▸ Provided information
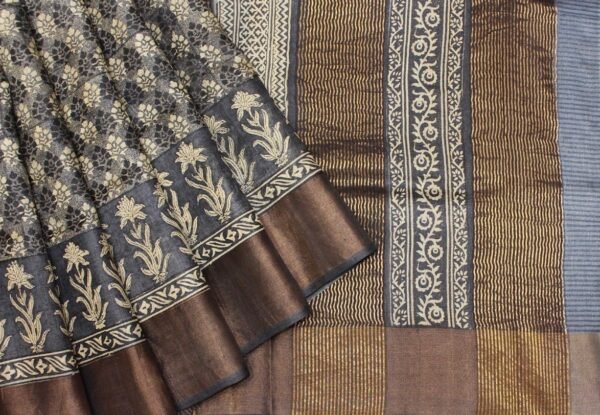 Pure Tussar Silk Saree In Davy GreyWith Golden Zari Border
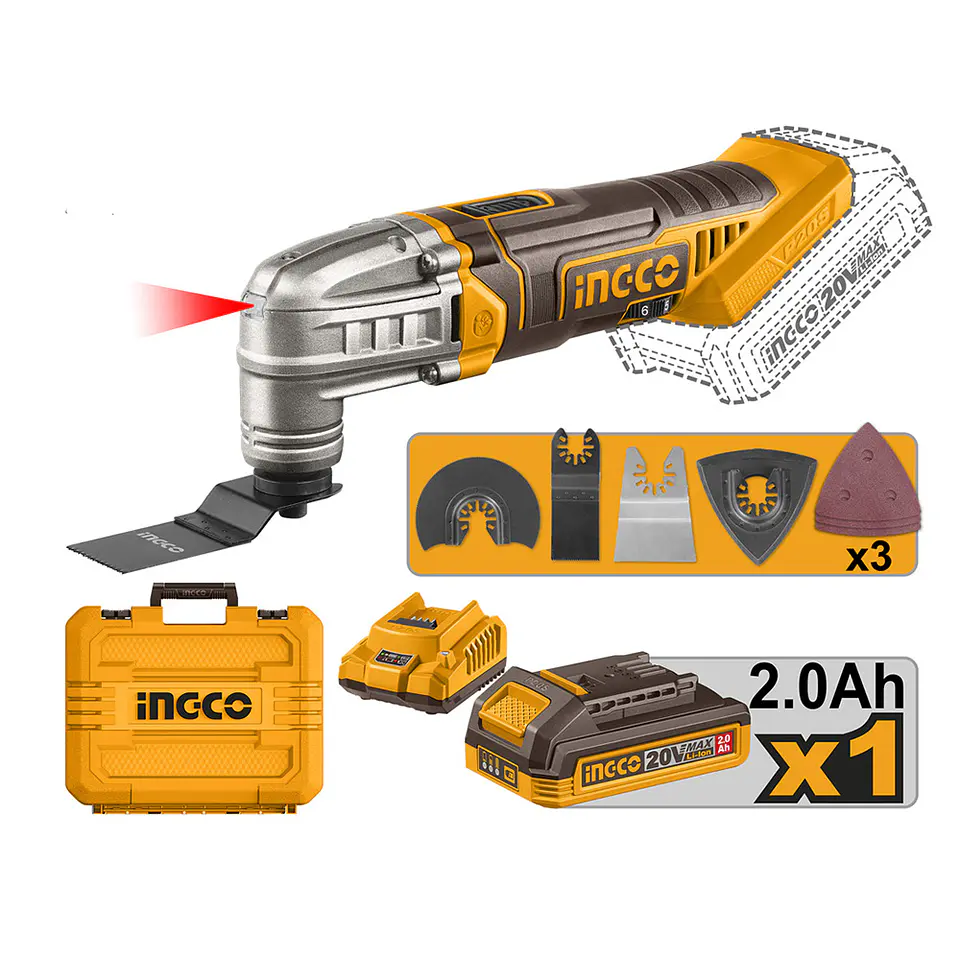 MULTICORTADORA + BAT 2AH Y CARG NORMAL 20V INGCO CMLI20228 1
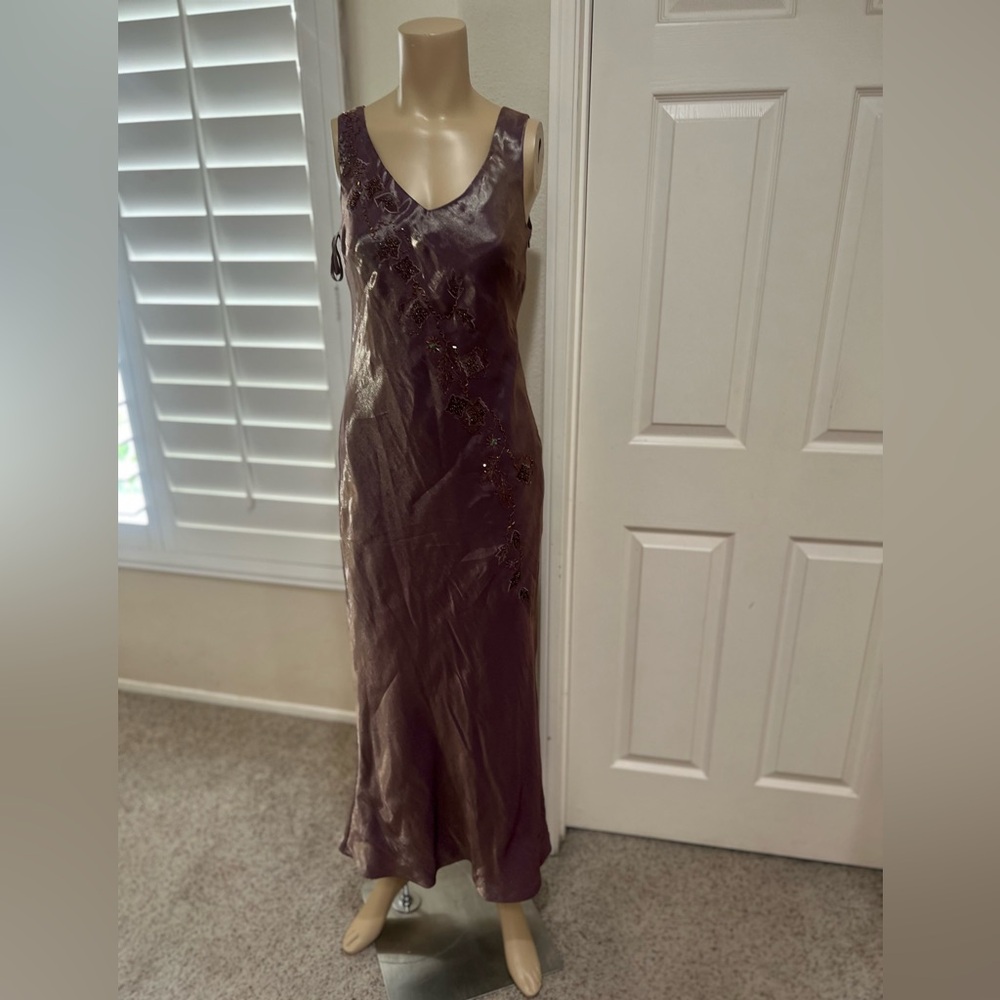 Alex Evenings Metallicโ Bronze Beaded Short Sleeves Long Formal Gown Dress Sz 6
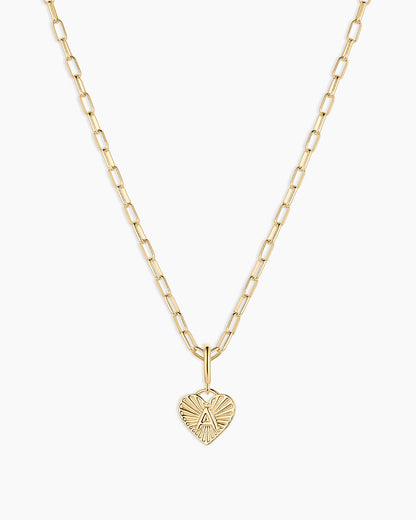 Vintage Heart Alphabet Charm Necklace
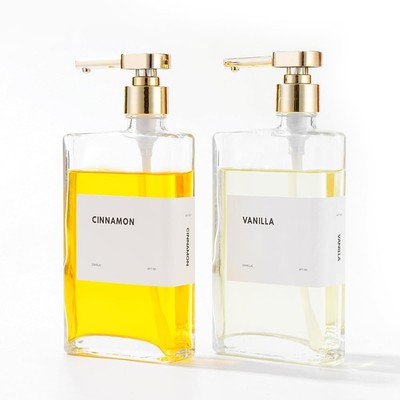 Glass Coffee Syrup Dispensers with Pumps, Syrup Bottles with Label Set - Esse...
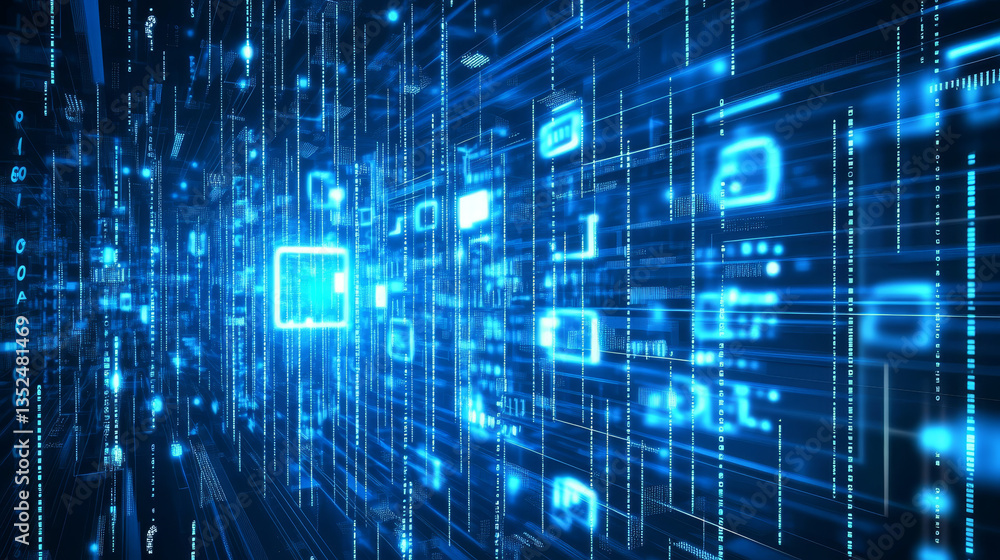 Aufkleber blue digital cyberspace with particles and digital data network connections background concept.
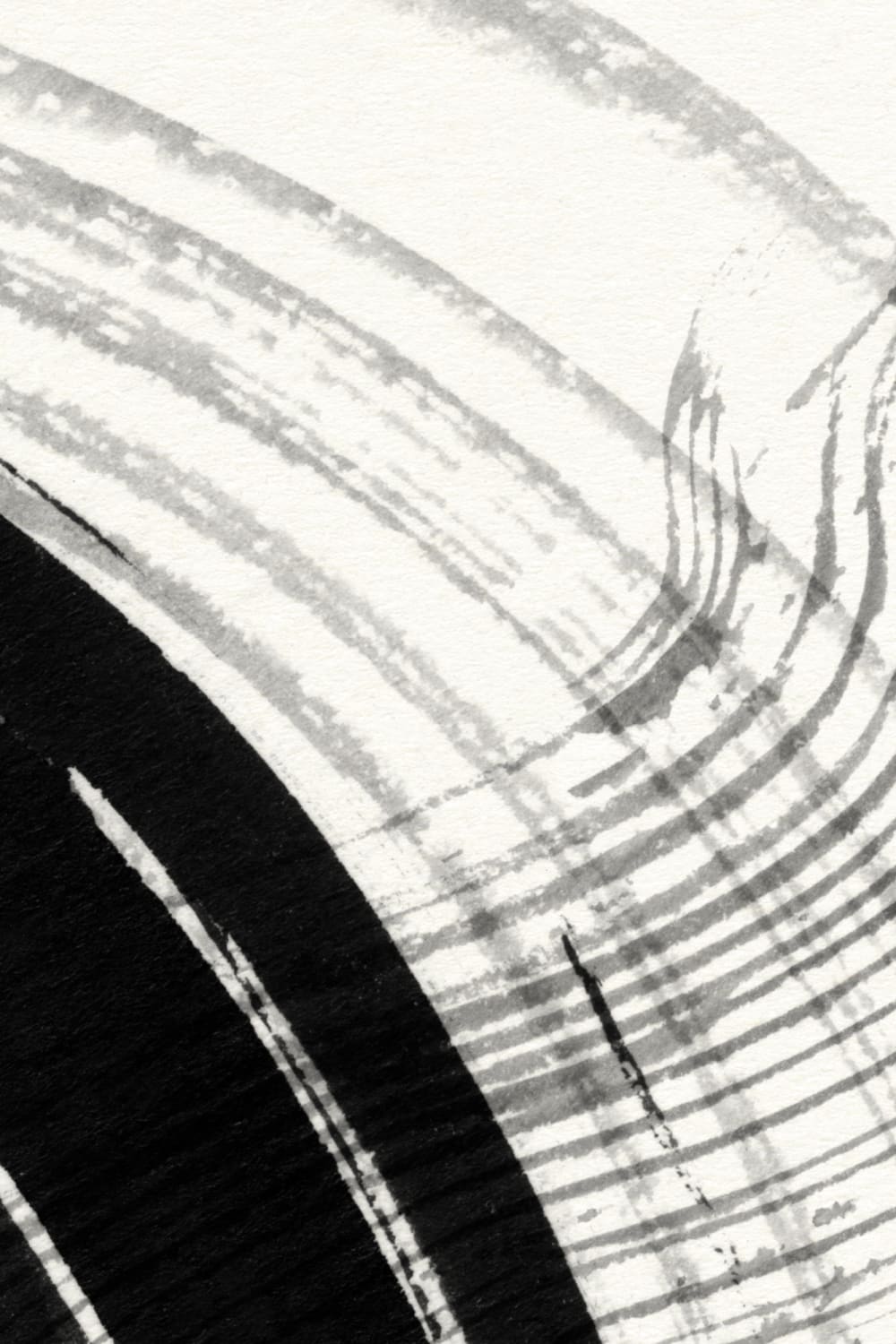 Black Abstract Ink Brush Strokes Mural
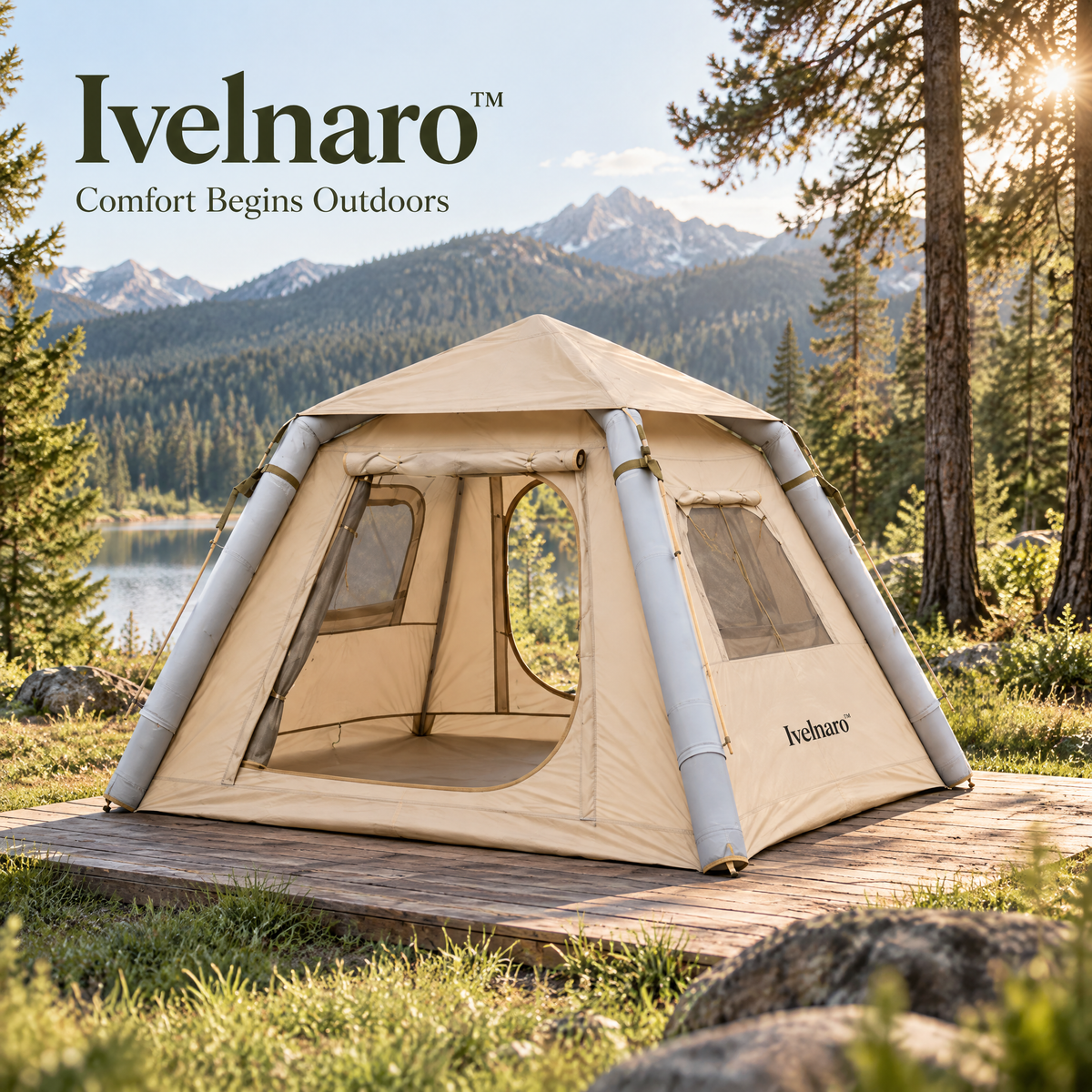 Ivelnaro™ OpenSky 4-Person Quick-Pitch Tent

▸ The problem
Instruction for this listing: copy it exactly, but leave the images behind.

▸ Solved problem
 Pure Tussar Silk Saree In Davy GreyWith Golden Zari Border
 MULTICORTADORA + BAT 2AH Y CARG NORMAL 20V INGCO CMLI20228 1
 Alex Evenings Metallicโ Bronze Beaded Short Sleeves Long Formal Gown Dress Sz 6
 Vintage Heart Alphabet Charm Necklace
 Glass Coffee Syrup Dispensers with Pumps, Syrup Bottles with Label Set - Esse...
 Aufkleber blue digital cyberspace with particles and digital data network connections background concept.
 Black Abstract Ink Brush Strokes Mural
 Ivelnaro™ OpenSky 4-Person Quick-Pitch Tent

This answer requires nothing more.